To make biological sense of these data, Dao et al. recognized the importance of splitting A. gambiae s.l. into the three genetically defined units found simultaneously in Thierola: A. gambiae sensu stricto (s.s.), Anopheles coluzzii and Anopheles arabiensis. Mosquitoes from the three groups are very closely related and cannot be physically distinguished at any stage in their development. All three hybridize occasionally in nature, but the first two — only recently named as species6 and not universally recognized as such — diverged evolutionarily much more recently than other species in the complex.
Despite the relative youth and morphological homogeneity of this species complex, the fact that the species radiations were accompanied by, if not promoted by, differential adaptations to environmental heterogeneities7 makes it unlikely that its members would respond uniformly to a common physiological stress. Notwithstanding this expectation, it is striking that, when Dao and colleagues partitioned the data by species, the two closest relatives (A. coluzzii and A. gambiae s.s.) showed the most distinct population dynamics (Fig. 1). The authors also found that the population density of A. gambiae s.s. follows a relatively simple pattern of peak abundance in the wet season and a trough throughout the dry season. By contrast, although the density of A. coluzzii also peaks in the wet season, the onset of population growth precedes that of A. gambiae s.s. by two months and, far from disappearing in the dry season, two peaks in population density are consistently observed, despite the absence of rain.
Dao et al. make the case that these data best fit a model in which A. coluzzii persists locally in a form of diapause and emerges from hiding for two short periods. The cues that provoke this emergence are unknown, but could include abiotic factors, such as increases in humidity or temperature, and biotic factors, such as the need to replenish nutritional reserves — for example, by blood feeding without egg maturation, known as gonotrophic dissociation4. By contrast, it seems that A. gambiae s.s. disappears and, when the rains resume, more slowly recolonizes the area from refugia hundreds of kilometres distant.
Although the population dynamics of A. arabiensis were not statistically different from those of A. gambiae s.s., small numbers of A. arabiensis were collected each dry season, suggesting that at least a fraction of the population remains in place. Whether this implies that the species uses a mixed strategy of diapause and long-distance migration, as the authors propose, or whether there is some other explanation (such as a different type or greater depth of diapause) will require further investigation.

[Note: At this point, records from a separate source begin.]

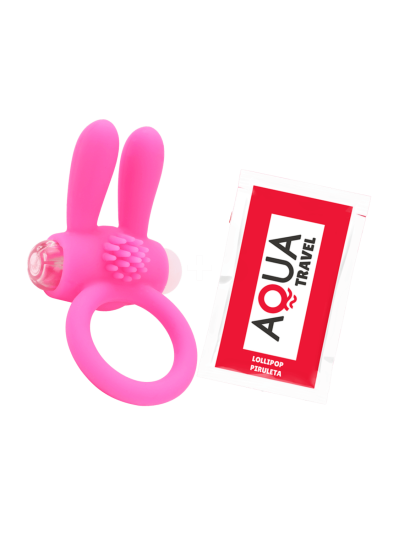 Anneau vibrant silicone rose avec oreilles de lapin 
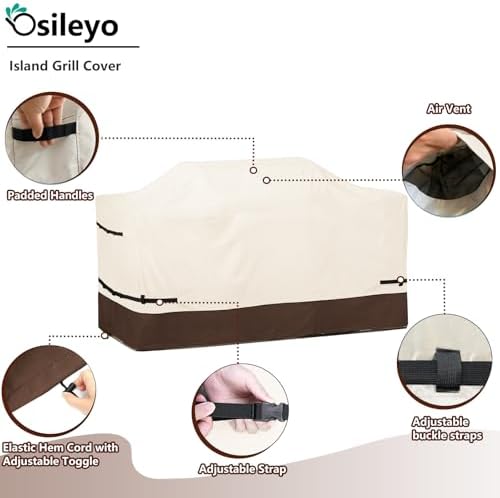 98 Inch Island Grill Cover - 600D Heavy Duty Waterproof All Weather Protection Extra Large Grill Cover,Beige & Brown - Image 3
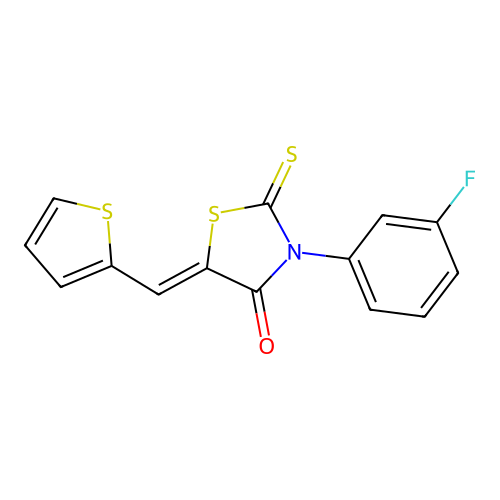 (Z)-3-(3-fluorophenyl)-5-(thiophen-2-ylmethylene)-2-thioxothiazolidin-4-one structure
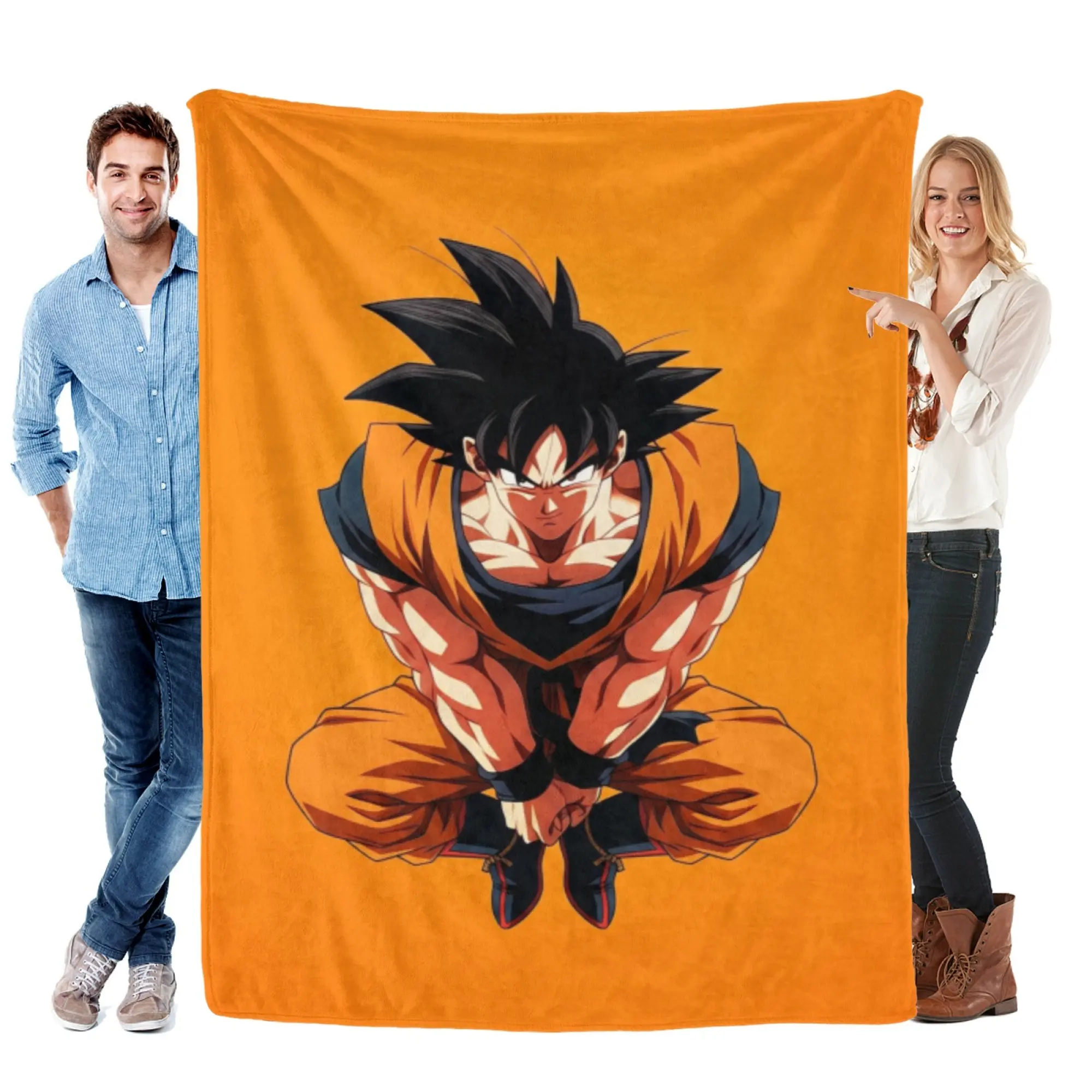[SummerVibes] TOEI CLASSIC Dragon Ball Goku Soft Flannel Blanket, Vibrant 2D Anime Print for Couch, Bed, Home & Fan Gifts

Final proof for these hypotheses will have to come from catching the mosquitoes in the act. Nevertheless, there is now strong evidence that A. coluzzii overcomes the stress of the dry season through local diapause, a strategy that ensures its rapid population expansion at the earliest stages of the rainy season and thereby amplifies disease transmission. The long-distance migration proposed for A. gambiae s.s. will also influence the dynamics of disease transmission and vector control, because both processes determine the ability of vector populations to expand their range and invade distant regions. Unfortunately, we know almost nothing about the environmental cues that prompt these processes, the mechanisms responsible for them or even how generalizable these findings are to mosquito populations elsewhere in tropical Africa. Dao and colleagues' work highlights the urgent need for more field studies to answer these fundamental questions.